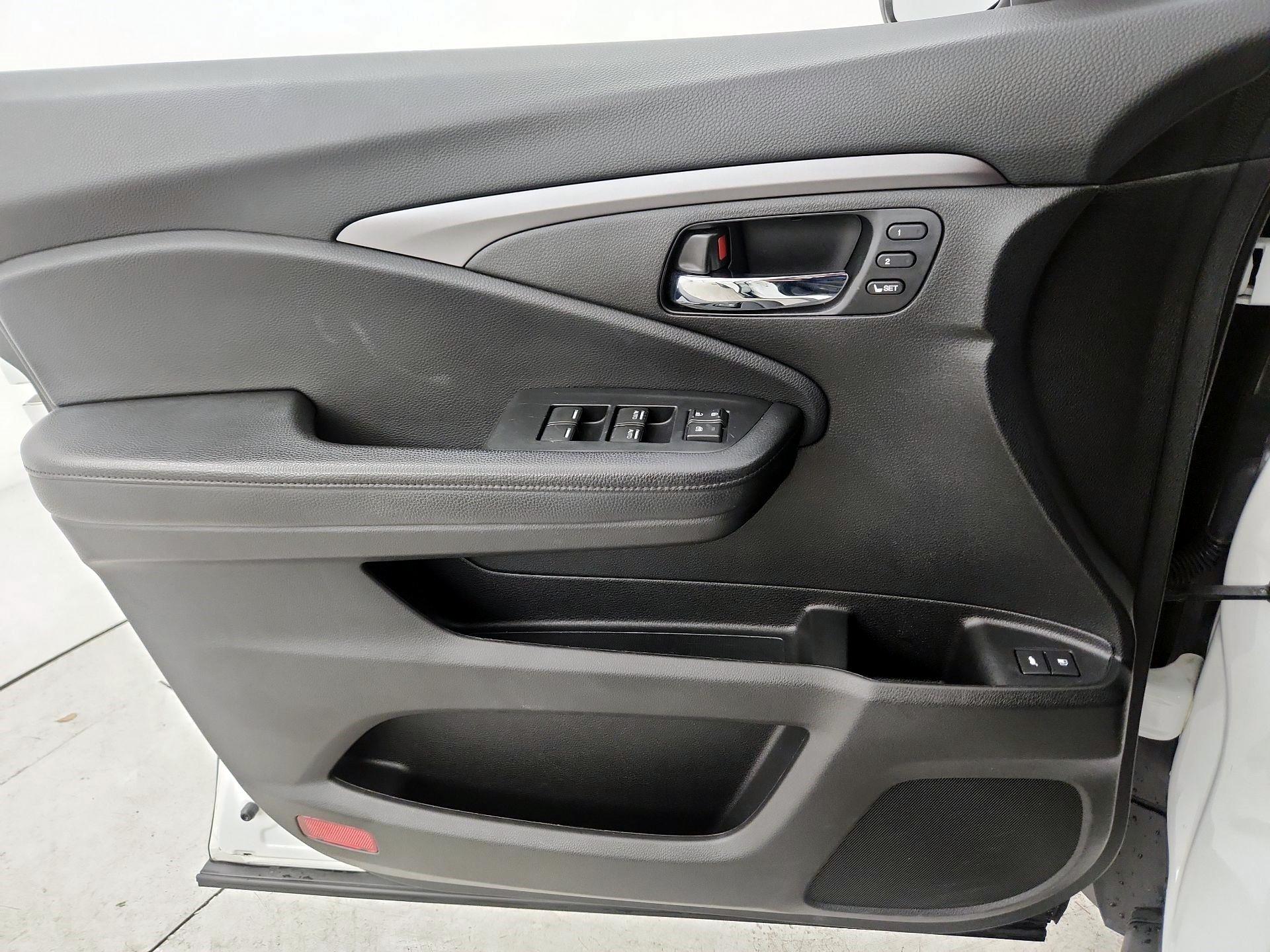 Thumbnail: 2021 Honda Pilot - 12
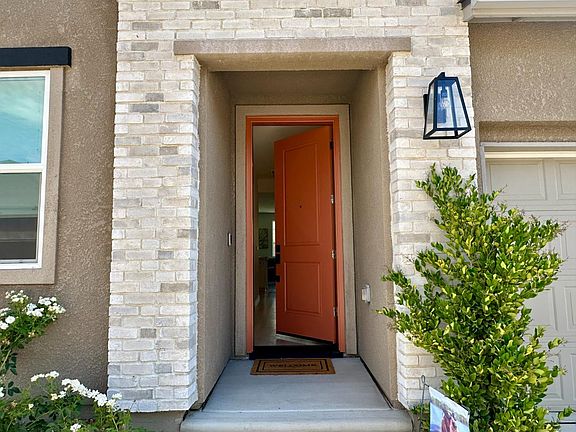 5th image of 697 Grace Way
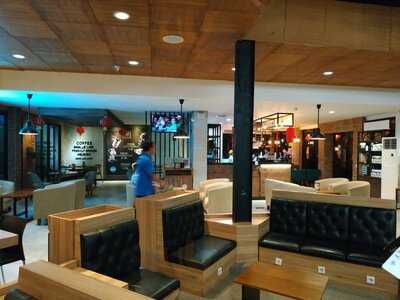 Excelso Bowling Rinjani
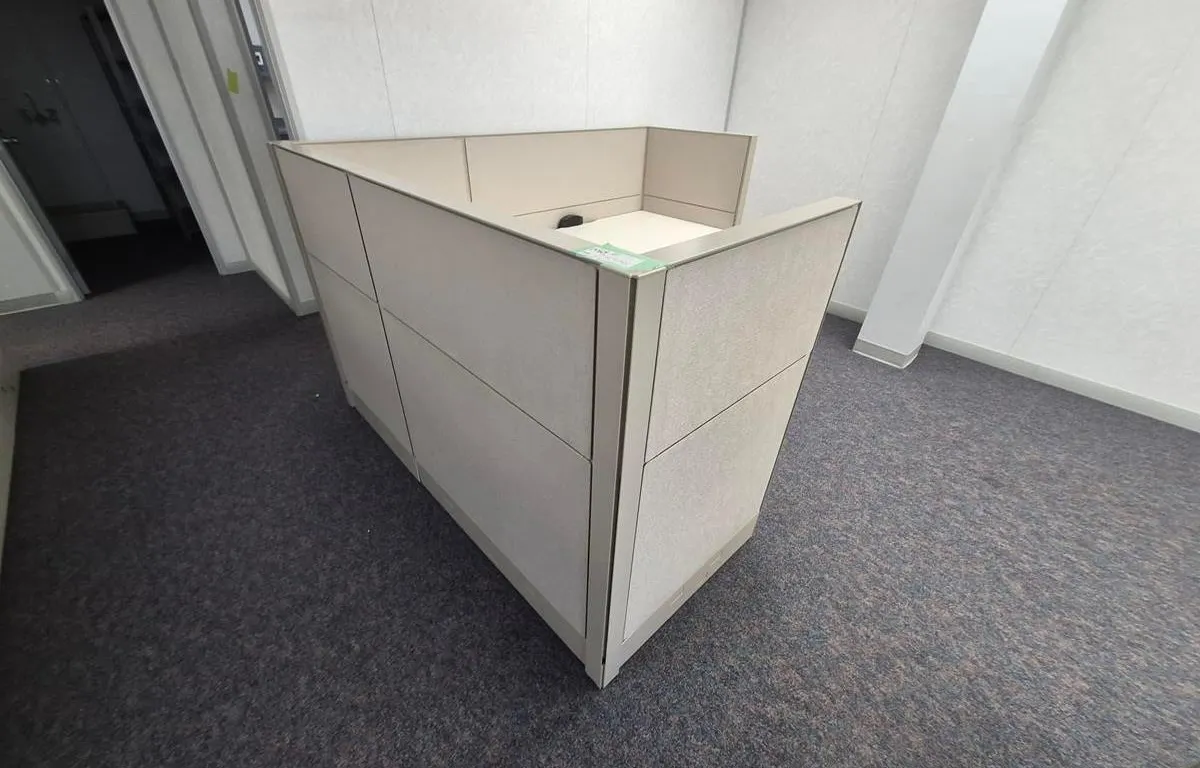 Office Cubicle Workstation (90" x 78")
UNRESERVED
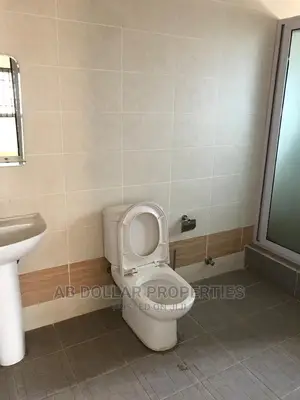 4bdrm House in Spintex for Rent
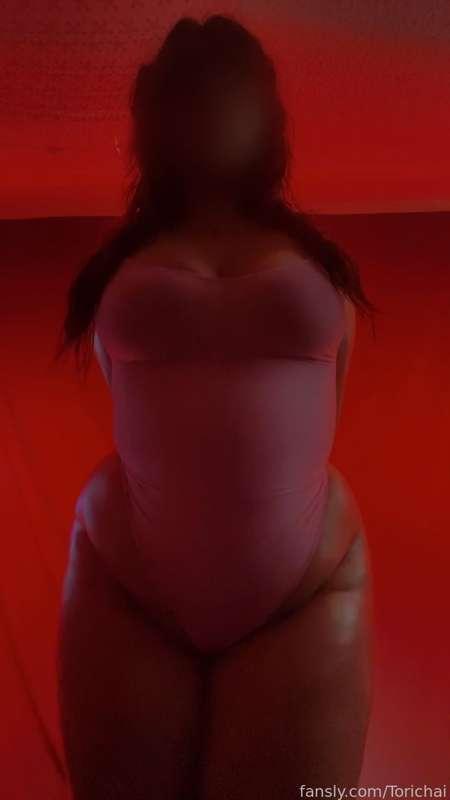 I want this bodysuit in every color now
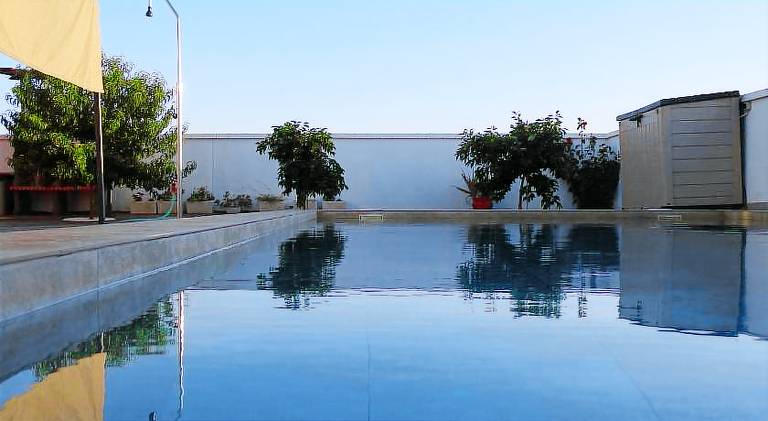 Fully equipped lovely house with private pool, patio & yard | Pets are welcome — photo 3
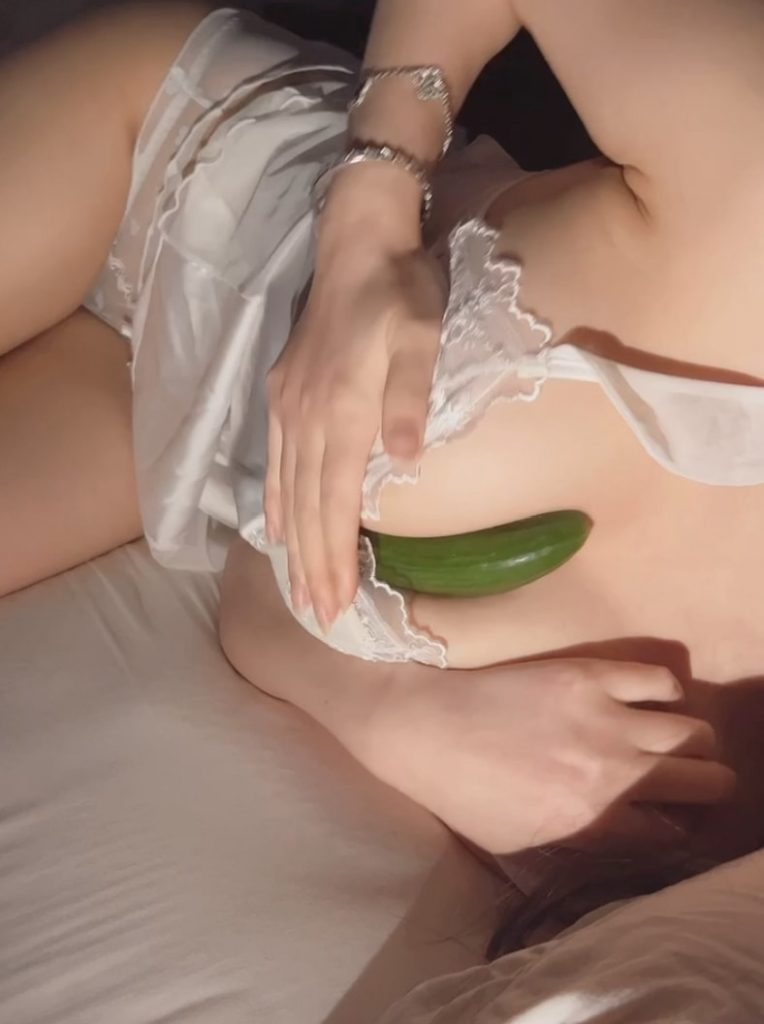 图片[3]-【自】杨晨晨-黄瓜带给我的快乐[2V-736MB]-蜜桃啵啵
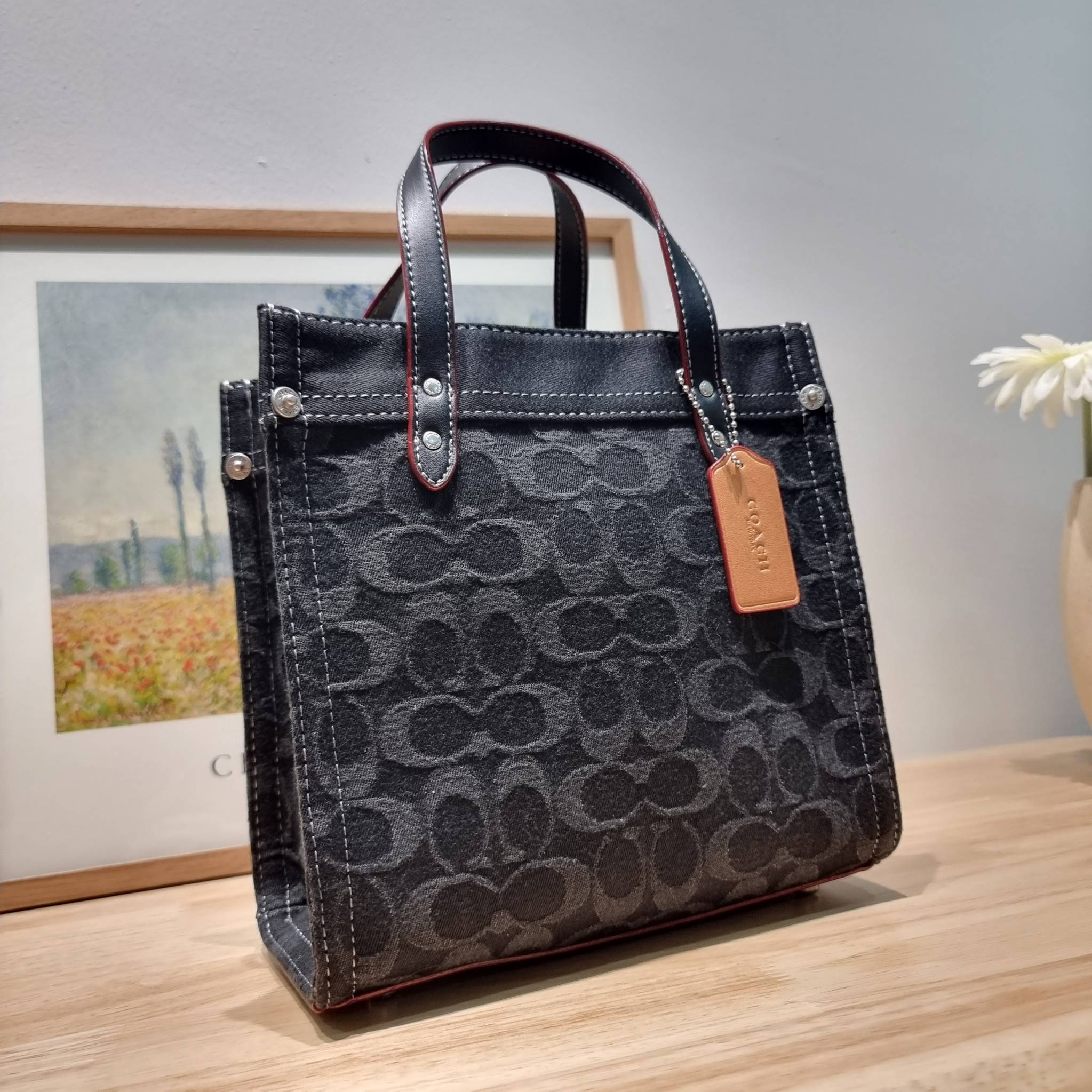 COACH CG091 FIELD TOTE 22 IN SIGNATURE DENIM คอลเลคชั่นใหม่ สีหายาก กับกระเป๋าทรงโท้ท ไซส์กำลังสวย ดีเทลปั๊มผิวเต็มใบ ดูดี มี texture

:: Exercise ::
Pictures stay out; reproduce exactly the lines from the one containing "I want this bodysuit in every color now" through the last line of the listing, both included.

:: Response to this exercise ::
 I want this bodysuit in every color now
 Fully equipped lovely house with private pool, patio & yard | Pets are welcome — photo 3
 图片[3]-【自】杨晨晨-黄瓜带给我的快乐[2V-736MB]-蜜桃啵啵
 COACH CG091 FIELD TOTE 22 IN SIGNATURE DENIM คอลเลคชั่นใหม่ สีหายาก กับกระเป๋าทรงโท้ท ไซส์กำลังสวย ดีเทลปั๊มผิวเต็มใบ ดูดี มี texture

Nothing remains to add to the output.